Regional Intestinal Drug Permeability and Effects of Permeation Enhancers in Rat.

作者信息

Dahlgren David, Cano-Cebrián Maria-Jose, Olander Tobias, Hedeland Mikael, Sjöblom Markus, Lennernäs Hans

机构信息

Department of Pharmacy, Division of Biopharmaceutics, Uppsala University, 752 36 Uppsala, Sweden.

Department of Pharmacy and Pharmaceutical Technology and Parasitology, University of Valencia, 46010 València, Spain.

出版信息

Pharmaceutics. 2020 Mar 8;12(3):242. doi: 10.3390/pharmaceutics12030242.

DOI:10.3390/pharmaceutics12030242
PMID:32182653
原文链接:https://pmc.ncbi.nlm.nih.gov/articles/PMC7150977/
Abstract

Sufficient colonic absorption is necessary for all systemically acting drugs in dosage forms that release the drug in the large intestine.
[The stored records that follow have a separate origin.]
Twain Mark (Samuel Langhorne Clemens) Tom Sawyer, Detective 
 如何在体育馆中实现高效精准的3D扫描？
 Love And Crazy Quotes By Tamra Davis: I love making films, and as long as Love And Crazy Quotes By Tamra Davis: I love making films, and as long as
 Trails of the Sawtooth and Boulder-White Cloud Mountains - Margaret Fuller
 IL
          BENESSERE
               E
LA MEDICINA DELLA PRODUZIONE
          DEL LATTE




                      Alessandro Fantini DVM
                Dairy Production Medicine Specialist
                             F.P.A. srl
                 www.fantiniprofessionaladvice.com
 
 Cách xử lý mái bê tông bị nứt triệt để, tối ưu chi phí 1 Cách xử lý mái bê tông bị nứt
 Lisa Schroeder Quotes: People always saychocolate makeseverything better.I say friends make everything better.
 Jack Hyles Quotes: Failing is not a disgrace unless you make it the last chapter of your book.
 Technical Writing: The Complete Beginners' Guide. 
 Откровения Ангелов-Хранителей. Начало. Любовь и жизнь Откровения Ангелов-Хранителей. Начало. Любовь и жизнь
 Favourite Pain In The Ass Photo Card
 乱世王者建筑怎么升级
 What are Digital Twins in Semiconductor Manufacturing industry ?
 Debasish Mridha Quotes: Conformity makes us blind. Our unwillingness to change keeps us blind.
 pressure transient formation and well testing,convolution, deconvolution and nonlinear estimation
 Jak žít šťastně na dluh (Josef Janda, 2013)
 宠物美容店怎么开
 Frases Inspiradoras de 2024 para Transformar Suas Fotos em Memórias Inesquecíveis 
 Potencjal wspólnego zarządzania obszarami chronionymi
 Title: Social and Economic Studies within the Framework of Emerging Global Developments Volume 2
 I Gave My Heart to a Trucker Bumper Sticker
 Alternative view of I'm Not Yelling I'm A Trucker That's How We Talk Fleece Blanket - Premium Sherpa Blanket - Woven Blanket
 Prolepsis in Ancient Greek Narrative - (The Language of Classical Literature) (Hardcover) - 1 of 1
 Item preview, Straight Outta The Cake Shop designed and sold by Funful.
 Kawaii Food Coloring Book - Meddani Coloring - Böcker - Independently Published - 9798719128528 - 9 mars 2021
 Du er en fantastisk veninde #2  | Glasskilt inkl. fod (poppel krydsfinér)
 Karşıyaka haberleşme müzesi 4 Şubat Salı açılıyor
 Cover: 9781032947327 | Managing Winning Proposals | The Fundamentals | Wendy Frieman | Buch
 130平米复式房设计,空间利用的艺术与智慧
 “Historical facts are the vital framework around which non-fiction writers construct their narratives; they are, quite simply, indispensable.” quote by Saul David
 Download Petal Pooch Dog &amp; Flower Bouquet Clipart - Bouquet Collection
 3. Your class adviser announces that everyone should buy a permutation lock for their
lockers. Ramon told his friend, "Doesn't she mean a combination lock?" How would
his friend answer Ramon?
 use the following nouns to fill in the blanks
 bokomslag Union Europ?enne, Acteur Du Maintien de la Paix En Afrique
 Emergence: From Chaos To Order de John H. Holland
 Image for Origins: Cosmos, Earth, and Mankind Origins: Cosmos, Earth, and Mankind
Preclinically, colonic absorption is often investigated using the rat single-pass intestinal perfusion model. This model can determine intestinal permeability based on luminal drug disappearance, as well as the effect of permeation enhancers on drug permeability. However, it is uncertain how accurate the rat single-pass intestinal perfusion model predicts regional intestinal permeability and absorption in human. There is also a shortage of systematic in vivo investigations of the direct effect of permeation enhancers in the small and large intestine. In this rat single-pass intestinal perfusion study, the jejunal and colonic permeability of two low permeability drugs (atenolol and enalaprilat) and two high-permeability ones (ketoprofen and metoprolol) was determined based on plasma appearance. These values were compared to already available corresponding human data from a study conducted in our lab. The colonic effect of four permeation enhancers-sodium dodecyl sulfate, chitosan, ethylenediaminetetraacetic acid (EDTA), and caprate-on drug permeability and transport of chromium EDTA (an established clinical marker for intestinal barrier integrity) was determined. There was no difference in jejunal and colonic permeability determined from plasma appearance data of any of the four model drugs. This questions the validity of the rat single-pass intestinal perfusion model for predicting human regional intestinal permeability. It was also shown that the effect of permeation enhancers on drug permeability in the colon was similar to previously reported data from the rat jejunum, whereas the transport of chromium EDTA was significantly higher ( < 0.05) in the colon than in jejunum. Therefore, the use of permeation enhancers for increasing colonic drug permeability has greater risks than potential medical rewards, as indicated by the higher permeation of chromium EDTA compared to the drugs.

摘要

对于所有在大肠中释放药物的全身作用剂型的药物而言,充分的结肠吸收是必要的。临床前研究中,结肠吸收通常采用大鼠单通道肠灌注模型进行研究。该模型可以根据肠腔药物消失情况确定肠道通透性,以及渗透促进剂对药物通透性的影响。然而,大鼠单通道肠灌注模型预测人体局部肠道通透性和吸收的准确性尚不确定。此外,对于渗透促进剂在小肠和大肠中的直接作用,缺乏系统性的体内研究。在这项大鼠单通道肠灌注研究中,基于血浆出现情况测定了两种低通透性药物(阿替洛尔和依那普利拉)以及两种高通透性药物(酮洛芬和美托洛尔)的空肠和结肠通透性。将这些值与我们实验室进行的一项研究中已有的相应人体数据进行了比较。测定了四种渗透促进剂——十二烷基硫酸钠、壳聚糖、乙二胺四乙酸(EDTA)和癸酸盐——对药物通透性以及铬标记EDTA(一种已确立的肠道屏障完整性临床标志物)转运的结肠效应。根据四种模型药物中任何一种的血浆出现数据所测定的空肠和结肠通透性没有差异。这对大鼠单通道肠灌注模型预测人体局部肠道通透性的有效性提出了质疑。研究还表明,渗透促进剂对结肠中药物通透性的影响与先前报道的大鼠空肠数据相似,而铬标记EDTA在结肠中的转运显著高于空肠(P<0.05)。因此,与潜在的医学益处相比,使用渗透促进剂增加结肠药物通透性的风险更大,这一点从铬标记EDTA比药物具有更高的通透性可以看出。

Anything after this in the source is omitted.